O sentido muito político e ideológico da defesa da renovação do acordo com o FMI fica patente nas declarações de Joaquim Levy, Secretário do Tesouro Nacional, e Fábio Gambiagi, co-autor do livro “Finanças Públicas – Teoria e prática no Brasil”. O primeiro afirma que o obstáculo ao crescimento “não é o FMI mas o tamanho da nossa dívida”, como se as políticas recomendadas pelo FMI nada tivessem a ver com a evolução da dívida e seu cálculo. bio Gambiagi, autor de um livro texto neoliberal de uso generalizado nas faculdades de Economia, argumenta enfaticamente contra a proposta de retirar o investimento das estatais do acordo com o Fundo. “Isto seria um tiro no coração da política econômica”, diz ele, em uma retórica inflamada. No jornal Valor Econômicode 21 de agosto, o colunista propõe que se caminhe para uma nova coalizão nas eleições presidenciais de 2006, formada pelo PT, PSDB e PFL! Diz ele que “a luta fratricida entre os reformistas é uma estratégia suicida”. 

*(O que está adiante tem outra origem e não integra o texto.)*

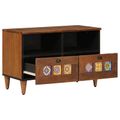 vidaXL Konferenčný stolík Hnedá 80 x 54 x 40 cm Masívne mango drevo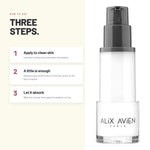 How to use Alix Avien Luminous Face Primer in three steps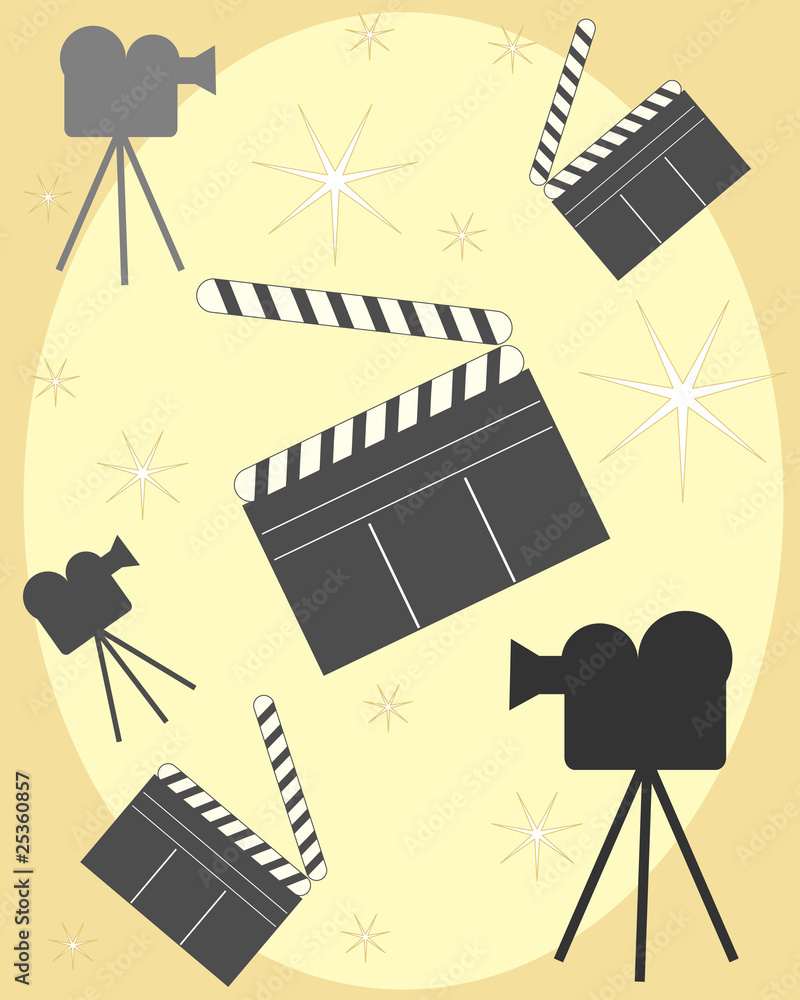 Obraz premium clapperboard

De modo sensato, o governo Lula tem evitado dar um tom dramático e espetacular às suas relações com o FMI. A sua opção clara é a de diagnosticar o acordo nem como imprescindível nem como incondicional. 

Os empréstimos do FMI são considerados mais baratos do que os das outras fontes no mercado internacional. Mas esta vantagem relativa pode ser anulada ou invertida frente aos constrangimentos impostos à política econômica.

Do ponto de vista político, um novo acordo com o FMI poderia alienar parte importante da soberania do governo em decisões chaves a maior parte de seu mandato, em anos eleitorais decisivos em que seu projeto estará em disputa. Um acordo com o FMI poderia, deste ponto de vista, congelar a transição do governo Lula a novos padrões de política econômica mais compatíveis com suas potencialidades históricas.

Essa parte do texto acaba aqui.